Testing Multimodal Features

Gemini's image understanding requires specialized tests:

# tests/test_multimodal.py
import pytest
import io
import os
from unittest.mock import MagicMock, patch
from PIL import Image

@pytest.fixture
def sample_image():
    """Create a simple test image in memory."""
    img = Image.new("RGB", (100, 100), color=(255, 0, 0))  # Red square
    img_bytes = io.BytesIO()
    img.save(img_bytes, format="PNG")
    img_bytes.seek(0)
    return img_bytes

class TestMultimodalProcessing:
    def test_image_description_mock(self, mock_gemini, sample_image):
        mock_gemini.generate_content.return_value = MagicMock(
            text="A red square on a white background.",
            prompt_feedback=MagicMock(block_reason=None),
            usage_metadata=MagicMock(total_token_count=100)
        )
        
        from src.gemini_client import GeminiClient
        client = GeminiClient()
        
        with patch("PIL.Image.open", return_value=Image.open(sample_image)):
            result = client.generate_with_image("Describe this image", "test.png")
        
        assert isinstance(result, str)
        assert len(result) > 0

    @pytest.mark.skipif(
        os.environ.get("RUN_INTEGRATION_TESTS") != "true",
        reason="Integration test"
    )
    def test_image_description_integration(self, sample_image):
        import google.generativeai as genai
        import PIL.Image
        
        genai.configure(api_key=os.environ["GOOGLE_API_KEY"])
        model = genai.GenerativeModel("gemini-1.5-flash")
        img = PIL.Image.open(sample_image)
        
        response = model.generate_content(["What color is the dominant color?", img])
        assert "red" in response.text.lower()

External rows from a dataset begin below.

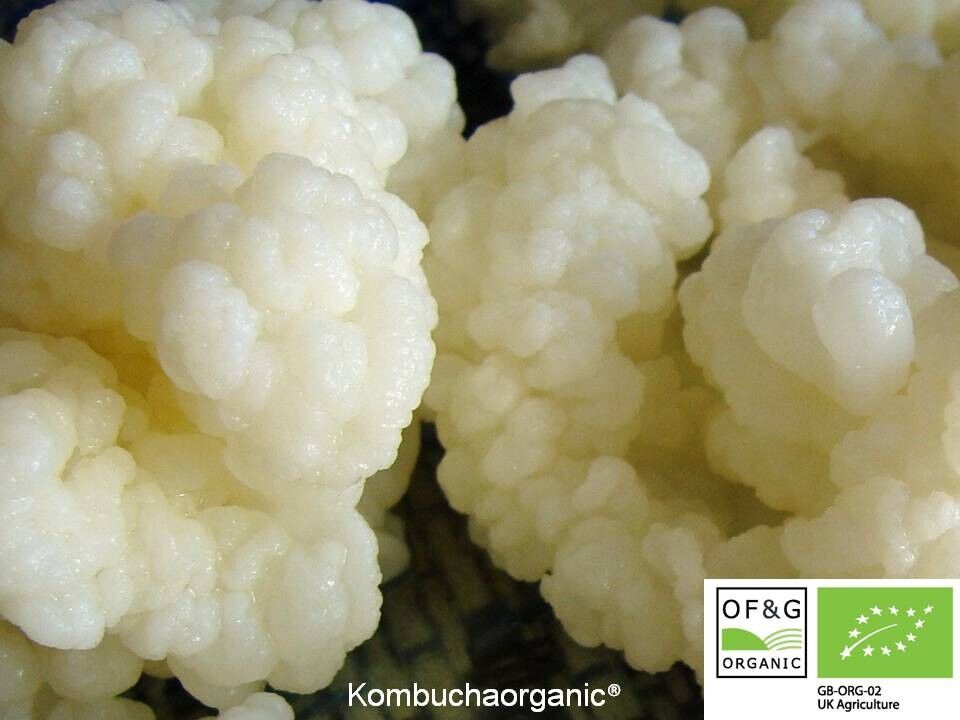 10g of Kombuchaorganic® Live Certified Organic RAW Milk KEFIR Grains - Grass Fed Cow's Milk Kefir Grains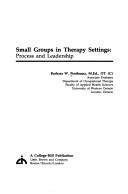 Small groups in therapy settings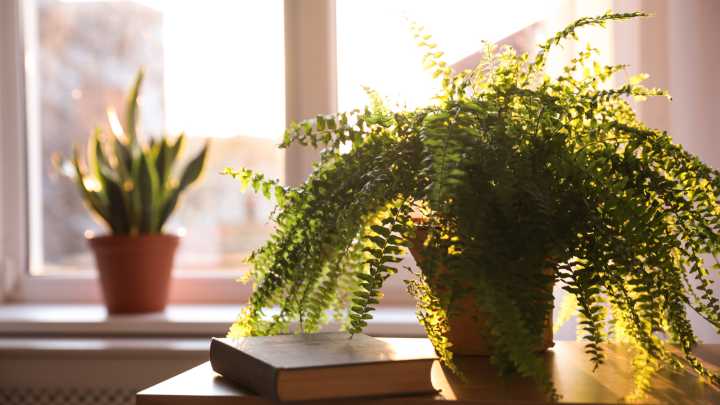 12 Common Indoor Plants That Need Special Care In The Winter To Thrive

Testing Vertex AI (Enterprise)

For production deployments using Vertex AI:

# tests/test_vertex.py
import pytest
from unittest.mock import MagicMock, patch

class TestVertexGemini:
    @pytest.fixture
    def mock_vertex(self):
        with patch("vertexai.generative_models.GenerativeModel") as mock_cls:
            mock_model = MagicMock()
            mock_cls.return_value = mock_model
            response = MagicMock()
            response.text = "Vertex AI response"
            response.usage_metadata.total_token_count = 120
            mock_model.generate_content.return_value = response
            yield mock_model

    def test_vertex_model_generates(self, mock_vertex):
        from src.vertex_client import VertexGeminiClient
        client = VertexGeminiClient(
            project="test-project",
            location="us-central1"
        )
        result = client.generate("Test prompt")
        assert result == "Vertex AI response"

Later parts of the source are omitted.